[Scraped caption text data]
══════
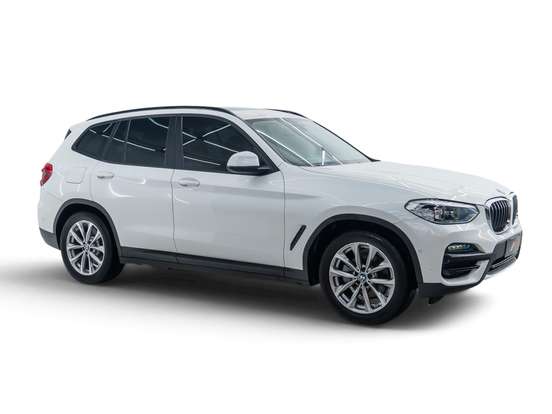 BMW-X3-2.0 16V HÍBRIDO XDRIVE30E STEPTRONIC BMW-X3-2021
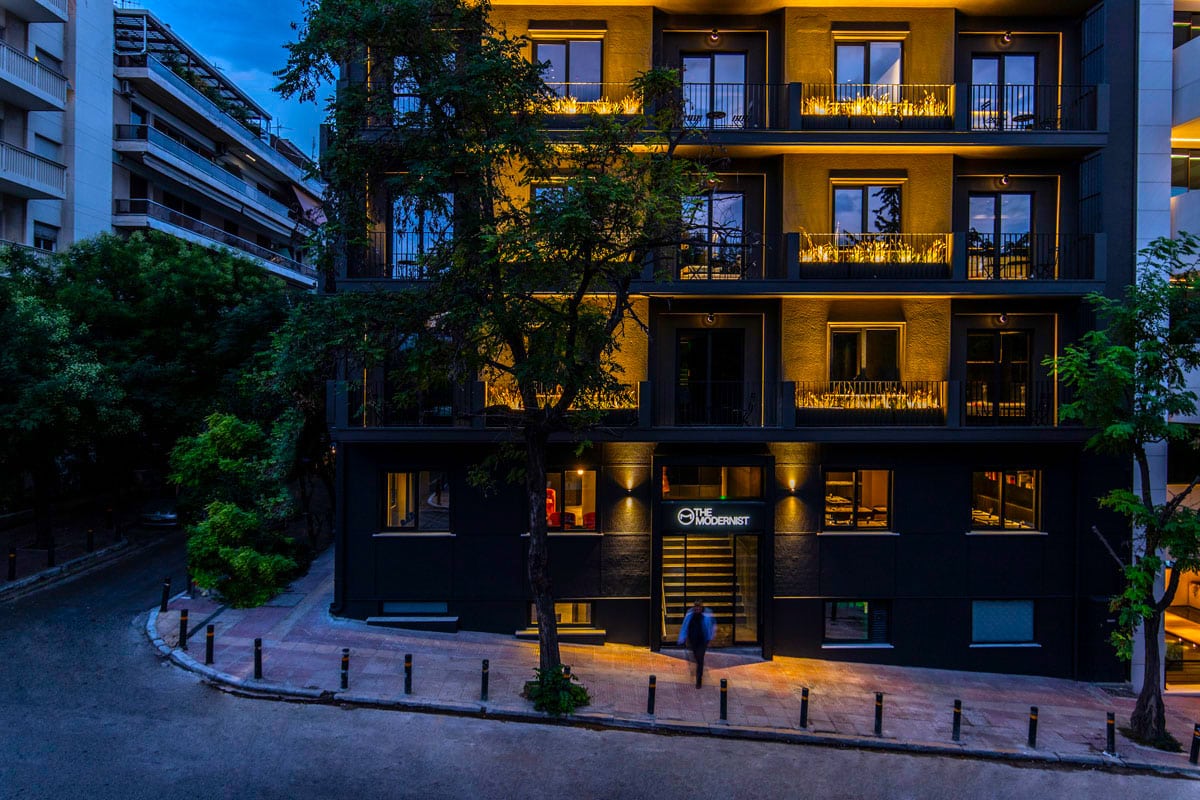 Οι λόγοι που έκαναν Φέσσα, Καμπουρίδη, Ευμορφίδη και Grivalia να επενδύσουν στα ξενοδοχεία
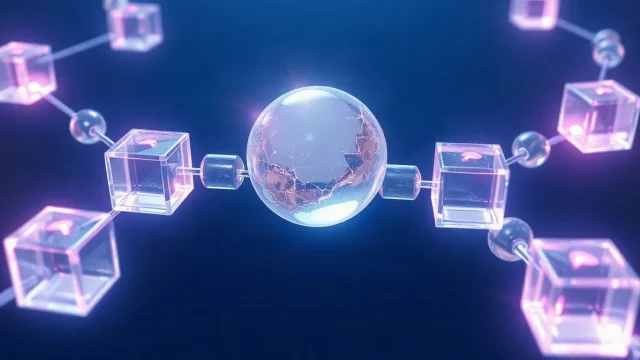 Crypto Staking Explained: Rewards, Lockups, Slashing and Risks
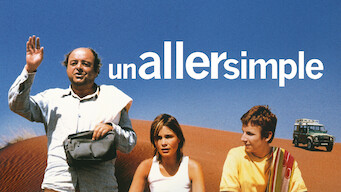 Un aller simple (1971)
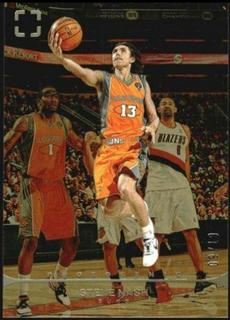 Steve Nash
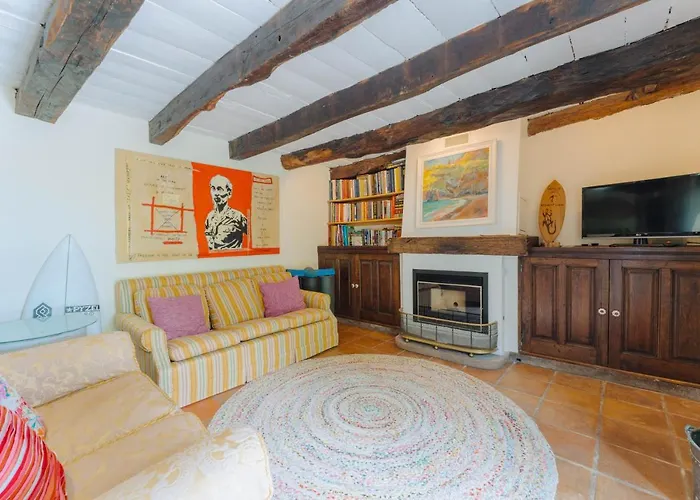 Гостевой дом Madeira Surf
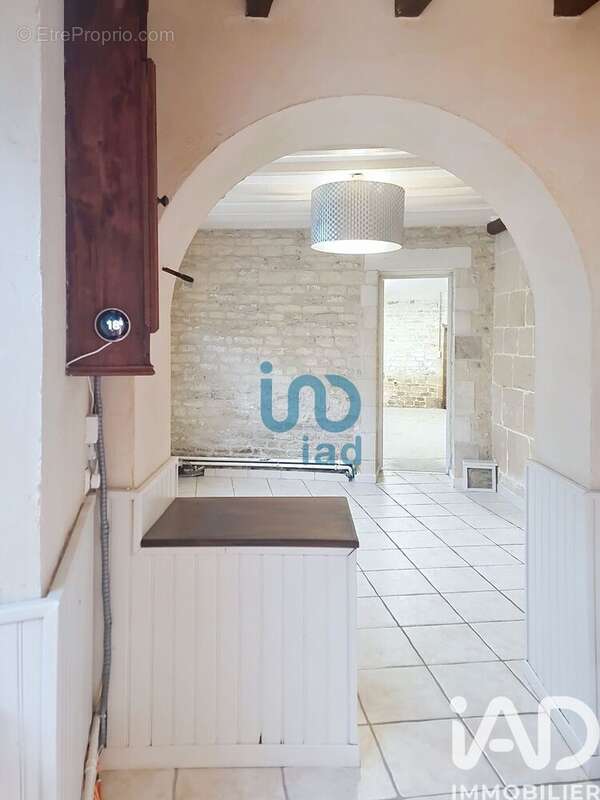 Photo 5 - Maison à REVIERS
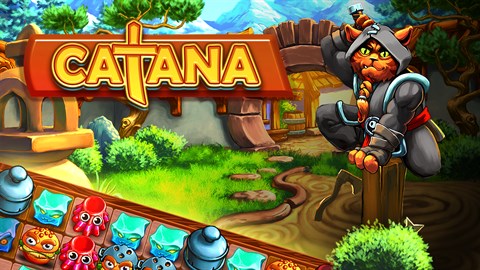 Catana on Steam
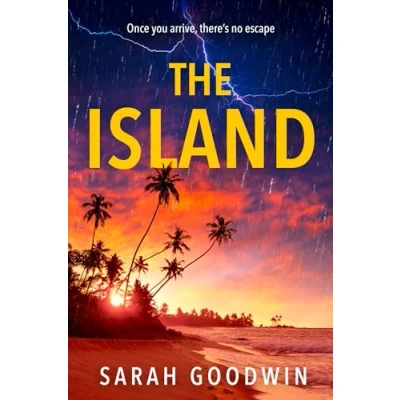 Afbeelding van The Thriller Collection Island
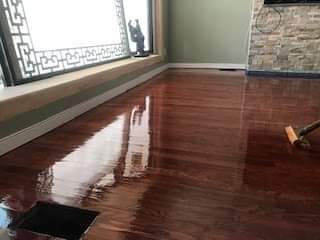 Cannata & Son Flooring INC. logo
══════
Above are the records; transcribe them exactly without the pictures.

 BMW-X3-2.0 16V HÍBRIDO XDRIVE30E STEPTRONIC BMW-X3-2021
 Οι λόγοι που έκαναν Φέσσα, Καμπουρίδη, Ευμορφίδη και Grivalia να επενδύσουν στα ξενοδοχεία
 Crypto Staking Explained: Rewards, Lockups, Slashing and Risks
 Un aller simple (1971)
 Steve Nash
 Гостевой дом Madeira Surf
 Photo 5 - Maison à REVIERS
 Catana on Steam
 Afbeelding van The Thriller Collection Island
 Cannata & Son Flooring INC. logo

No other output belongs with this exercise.